Inspiration #3: „Whole Earth“ – Der Blick von außen

Irgendwie haben wir alle schon mal vom Whole Earth Catalog gehört, jenem legendären Magazin, das in den 60er und 70er Jahren Philosophen, Soziologen und Computerpioniere wie Steve Jos gleichermaßen inspirierte. Man glaubte fest daran, dass der Schlüssel zu einer besseren Welt in der Erleichterung des Zugangs zu Information und Kommunikation liegt.

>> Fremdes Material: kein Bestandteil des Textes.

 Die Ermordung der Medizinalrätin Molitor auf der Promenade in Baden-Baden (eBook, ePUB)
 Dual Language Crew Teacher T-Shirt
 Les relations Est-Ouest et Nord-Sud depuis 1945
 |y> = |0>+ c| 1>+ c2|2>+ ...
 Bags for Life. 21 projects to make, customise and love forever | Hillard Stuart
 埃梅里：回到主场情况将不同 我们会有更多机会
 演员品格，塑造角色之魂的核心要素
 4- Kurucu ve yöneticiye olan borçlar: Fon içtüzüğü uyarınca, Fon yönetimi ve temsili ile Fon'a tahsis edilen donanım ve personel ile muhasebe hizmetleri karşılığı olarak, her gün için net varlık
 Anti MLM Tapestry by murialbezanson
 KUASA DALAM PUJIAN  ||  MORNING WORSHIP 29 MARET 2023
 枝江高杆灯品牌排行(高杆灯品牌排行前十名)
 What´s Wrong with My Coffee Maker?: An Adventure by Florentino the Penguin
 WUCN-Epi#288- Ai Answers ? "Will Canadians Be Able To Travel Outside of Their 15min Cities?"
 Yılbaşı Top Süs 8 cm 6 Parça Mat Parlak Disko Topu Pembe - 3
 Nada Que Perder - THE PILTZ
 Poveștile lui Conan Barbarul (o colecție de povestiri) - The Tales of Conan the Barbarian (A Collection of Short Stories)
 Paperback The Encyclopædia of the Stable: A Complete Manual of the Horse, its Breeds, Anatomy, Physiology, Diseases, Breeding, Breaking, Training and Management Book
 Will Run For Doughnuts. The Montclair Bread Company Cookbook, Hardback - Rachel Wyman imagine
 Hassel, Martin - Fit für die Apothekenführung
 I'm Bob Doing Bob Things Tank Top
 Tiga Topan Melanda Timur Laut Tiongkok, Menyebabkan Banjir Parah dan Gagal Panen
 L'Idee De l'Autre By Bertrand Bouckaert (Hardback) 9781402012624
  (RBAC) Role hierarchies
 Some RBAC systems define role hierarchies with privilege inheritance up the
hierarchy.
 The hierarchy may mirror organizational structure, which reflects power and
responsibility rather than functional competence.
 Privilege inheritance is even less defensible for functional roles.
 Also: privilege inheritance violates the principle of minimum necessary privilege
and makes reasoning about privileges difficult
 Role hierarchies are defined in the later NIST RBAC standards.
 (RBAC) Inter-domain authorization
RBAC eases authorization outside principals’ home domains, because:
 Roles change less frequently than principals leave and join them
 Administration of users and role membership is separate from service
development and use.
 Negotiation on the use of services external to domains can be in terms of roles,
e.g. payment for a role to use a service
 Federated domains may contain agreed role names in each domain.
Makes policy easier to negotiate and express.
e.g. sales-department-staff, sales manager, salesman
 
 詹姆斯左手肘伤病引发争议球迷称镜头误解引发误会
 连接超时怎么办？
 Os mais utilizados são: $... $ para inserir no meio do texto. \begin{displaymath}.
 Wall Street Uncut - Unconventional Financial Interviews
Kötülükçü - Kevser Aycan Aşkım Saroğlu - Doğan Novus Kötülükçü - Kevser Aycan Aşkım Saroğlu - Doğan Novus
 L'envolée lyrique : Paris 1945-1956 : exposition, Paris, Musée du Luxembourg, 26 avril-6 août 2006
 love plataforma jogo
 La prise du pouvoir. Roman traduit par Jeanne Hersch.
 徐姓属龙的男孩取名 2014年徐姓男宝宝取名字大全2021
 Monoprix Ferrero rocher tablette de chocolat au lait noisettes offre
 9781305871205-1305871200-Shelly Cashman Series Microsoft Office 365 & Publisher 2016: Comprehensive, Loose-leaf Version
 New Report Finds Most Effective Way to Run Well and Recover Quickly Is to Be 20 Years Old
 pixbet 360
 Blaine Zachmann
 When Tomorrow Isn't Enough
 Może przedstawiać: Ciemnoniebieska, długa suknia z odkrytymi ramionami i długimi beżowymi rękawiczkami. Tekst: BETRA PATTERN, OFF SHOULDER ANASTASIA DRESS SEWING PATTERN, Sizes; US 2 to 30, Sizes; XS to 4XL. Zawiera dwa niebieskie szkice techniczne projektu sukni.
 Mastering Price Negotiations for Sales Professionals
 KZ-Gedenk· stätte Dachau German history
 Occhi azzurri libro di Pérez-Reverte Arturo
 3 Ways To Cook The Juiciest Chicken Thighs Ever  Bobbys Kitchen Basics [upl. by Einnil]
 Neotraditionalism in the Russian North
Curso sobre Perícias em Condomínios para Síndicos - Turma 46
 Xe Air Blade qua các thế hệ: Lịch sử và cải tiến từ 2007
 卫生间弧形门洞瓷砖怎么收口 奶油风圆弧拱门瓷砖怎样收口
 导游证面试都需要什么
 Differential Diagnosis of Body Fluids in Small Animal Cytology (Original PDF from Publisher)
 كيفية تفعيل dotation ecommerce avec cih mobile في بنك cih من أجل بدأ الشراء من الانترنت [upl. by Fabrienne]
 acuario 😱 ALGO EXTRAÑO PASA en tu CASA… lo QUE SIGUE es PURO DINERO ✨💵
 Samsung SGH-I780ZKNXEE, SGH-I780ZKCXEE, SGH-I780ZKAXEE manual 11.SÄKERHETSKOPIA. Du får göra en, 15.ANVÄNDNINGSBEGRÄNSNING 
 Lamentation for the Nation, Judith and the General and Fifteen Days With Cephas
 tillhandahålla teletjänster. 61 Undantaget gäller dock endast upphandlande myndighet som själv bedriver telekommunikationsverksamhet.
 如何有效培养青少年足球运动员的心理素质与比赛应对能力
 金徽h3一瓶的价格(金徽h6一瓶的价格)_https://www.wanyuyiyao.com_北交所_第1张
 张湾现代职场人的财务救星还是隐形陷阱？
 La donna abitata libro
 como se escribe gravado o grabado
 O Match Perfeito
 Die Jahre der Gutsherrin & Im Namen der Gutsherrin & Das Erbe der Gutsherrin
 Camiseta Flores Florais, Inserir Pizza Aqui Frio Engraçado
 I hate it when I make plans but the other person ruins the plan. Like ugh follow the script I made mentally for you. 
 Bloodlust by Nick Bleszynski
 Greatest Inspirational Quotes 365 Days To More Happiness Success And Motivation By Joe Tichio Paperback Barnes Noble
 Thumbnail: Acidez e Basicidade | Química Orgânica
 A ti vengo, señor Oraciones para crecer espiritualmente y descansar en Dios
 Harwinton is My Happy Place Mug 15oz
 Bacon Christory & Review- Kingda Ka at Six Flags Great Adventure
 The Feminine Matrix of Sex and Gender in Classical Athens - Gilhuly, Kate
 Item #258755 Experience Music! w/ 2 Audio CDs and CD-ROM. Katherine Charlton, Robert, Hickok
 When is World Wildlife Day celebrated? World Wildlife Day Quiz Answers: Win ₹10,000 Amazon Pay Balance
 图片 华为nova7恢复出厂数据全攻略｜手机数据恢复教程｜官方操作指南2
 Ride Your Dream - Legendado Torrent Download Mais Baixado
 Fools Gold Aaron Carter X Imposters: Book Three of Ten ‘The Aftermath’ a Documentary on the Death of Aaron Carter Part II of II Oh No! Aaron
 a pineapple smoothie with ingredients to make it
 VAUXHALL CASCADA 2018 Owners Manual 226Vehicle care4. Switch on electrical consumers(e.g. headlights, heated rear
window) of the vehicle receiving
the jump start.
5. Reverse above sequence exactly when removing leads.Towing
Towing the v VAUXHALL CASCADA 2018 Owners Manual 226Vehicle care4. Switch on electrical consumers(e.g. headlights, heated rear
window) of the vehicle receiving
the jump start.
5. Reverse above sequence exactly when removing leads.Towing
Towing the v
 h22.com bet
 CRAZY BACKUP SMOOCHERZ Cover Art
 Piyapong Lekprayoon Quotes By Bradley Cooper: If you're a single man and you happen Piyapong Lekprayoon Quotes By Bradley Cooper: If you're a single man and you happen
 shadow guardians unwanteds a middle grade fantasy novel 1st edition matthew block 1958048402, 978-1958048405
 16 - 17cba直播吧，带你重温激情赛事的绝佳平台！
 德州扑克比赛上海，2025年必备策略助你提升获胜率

Wer mehr über den Ursprung und die Hintergründe dieser Bewegung ganzheitlich denkender Weltverbesserer erfahren möchte, dem sei die gleichnamige Ausstellung im Haus der Kulturen der Welt wärmstens empfohlen. Besonders interessant fand ich zwei Theorien zur Entstehung dieser Bewegung, die Mensch, Natur und Maschine zu versöhnen suchte und kein geringeres Ziel verfolgte, als die Welt zu einem besseren Ort zu machen.

Quelle: www.hkw.de/

Quelle: http://www.hkw.de/

Das Verschwinden des Außen

Der Amerikanische Pioniergeist manifestierte sich während der Besiedelung des Landes im „go west“, dem stetigen Überschreiten geografischer Grenzen (freilich mit unrühmlichen Nebeneffekten). Mit der Besiedelung Kaliforniens und dem Erreichen des Pazifik war eine Grenze erreicht, die den Vorwärtsdrang nach innen zwang, in die kulturelle, künstlerische und technologische Weiterentwicklung, die in den Sechzigerjahren des letzten Jahrhunderts ihren Höhepunkt erlangte: gesellschaftlich gesehen in der Gegenkultur der Hippies, Umweltaktivisten und Kriegsgegner; technologisch gesehen mit der Mondlandung.

Der Blick von außen

Dieses Ereignis brachte einen entscheidenden Perspektivwechsel mit sich: der Mensch betrachtete die Erde plötzlich von außen, als ein großes Ganzes, ein System von Informationsströmen. Die Kybernetik ward geboren. Der Dualismus von Natur und Technik, verantwortlich für alles Übel in der Welt, sollte überwunden werden. Die Schlüssel dazu lauteten Kommunikation und Information.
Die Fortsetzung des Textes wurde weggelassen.